Sprint, MCI WorldCom Announce $115 BillionMerger
November 1, 1999
Posted: 11/1999
Sprint, MCI WorldCom Announce $115 Billion
Merger
By Ken Branson
MCI WorldCom Inc. and Sprint Corp. have agreed to merge in what may be the biggest U.S.
corporate combination ever.
When the merger closes some time in the second half of 2000, the new company’s name
will be WorldCom, company officials say.
The two companies reached an agreement after Sprint’s board of directors reportedly
chose MCI WorldCom’s offer over that of BellSouth Corp., Atlanta. News media reports have
put the BellSouth offer at $72 billion, but no one at BellSouth could be reached to
confirm or deny that offer. BellSouth issued a statement confirming that Sprint and
BellSouth had been in negotiations but that the talks had concluded without an agreement
being reached.
"I’m not the only cowboy any more," says MCI WorldCom CEO Bernard J. Ebbers.
"Bill [Esrey] doesn’t get any credit for it, but he’s every bit as much a cowboy as I
am."
Sprint Chairman and CEO William T. Esrey and Ebbers say that several issues will remain
open for a while: Which of them will do what under the new structure, how many of the
combined company’s 140,000 employees will lose their jobs and how the brand names (MCI
WorldCom, UUNET, Sprint, Sprint PCS, 10-10-321 and others) will be used.
Regarding the first issue, Ebbers points out that nearly all his present senior
managers in MCI WorldCom joined the company as a result of mergers and now are laboring
happily in the merged vineyard. Ebbers and Esrey concede there probably is some overlap
among employees, but stress that the merger will result in more people, not fewer,
being employed by the merged company. Ebbers adds that some may be kept on even though the
logic of efficiency suggests they be let go. "Is it better to keep people now, or let
them go and then try to hire them back when you need them?" Ebbers asks rhetorically.

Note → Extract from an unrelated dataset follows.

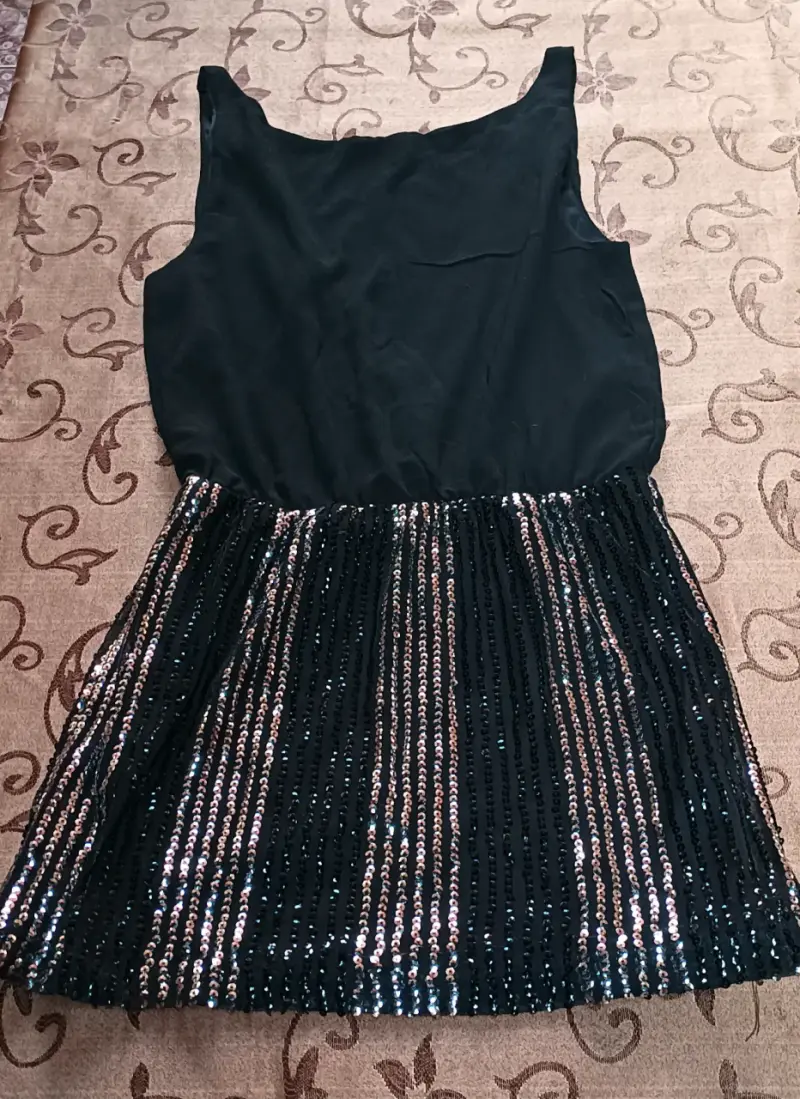 Vestido negro con lentejuelas elegante - 5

He suggests he would be inclined to keep people, and "grow into" needing them.
As to brand names, Ebbers says WorldCom will keep the two companies’ brand names, but
he isn’t sure how they will be used.
Ebbers and Esrey emphasize that the merger will create the largest, integrated, wholly
owned communications network in the world. "Facilities, facilities, facilities,"
Ebbers says. "We are absolutely believers in what we call on-net strategy. From
origination to termination, we want the customers not to leave our own network."
Ebbers goes out of his way to praise Sprint PCS, Sprint’s mobile wireless service, and
Integrated On-Demand (ION), Sprint’s asynchronous transfer mode (ATM)-based integrated
network strategy, which, he says, will form a key part of WorldCom’s strategy. Analysts
seem to agree.
"MCI WorldCom has a very strong story except for wireless," says Jeffrey
Kagan, an independent telecom analyst based in Atlanta. "This deal will fill in the
wireless gap."
But a warning toxin has been sounded in regulatory quarters.
"American consumers are enjoying the lowest long distance rates in history and the
lowest Internet rates in the world for one reason: competition," says William E.
Kennard, chairman of the Federal Communications Commission (FCC). "Competition has
produced a price war in the long distance market. This merger appears to be a surrender.
How can this be good for consumers?"
Ebbers insists that it will be good for consumers, and says he and Esrey understand
that the burden of proof is on them. He maintains, as well, that it is "foolish"
to view the industry as segmented into long distance and local markets, because the
technology powering networks doesn’t care whether a communication is local or long
distance. Soon, he says, consumers won’t care either, but will be buying bundled services
from the likes of the new WorldCom.
When WorldCom (as it was then known) merged with the former MCI Communications Corp.
last year, the European Commission (EC) forced it to divest itself of its Internet
backbone–which was sold to Cable & Wireless plc, London. Ebbers says he and Esrey are
prepared to address any such concerns the EC may voice this time around, but he didn’t say
how. Both MCI WorldCom (which owns UUNET Technologies) and Sprint own Internet backbones.
Additionally, MCI WorldCom and Sprint are direct competitors in Brazil, where MCI
WorldCom controls Embratel Participoes S.A., Sao Paulo, the country’s incumbent long
distance provider and the only company in Brazil with a nationwide Internet protocol (IP)
network. Sprint has bought the "mirror license" in Brazil, which allows it to
compete with Embratel. The head of the Brazilian regulatory body, Anatel, has said that
the agreement with Sprint will have to be reworked.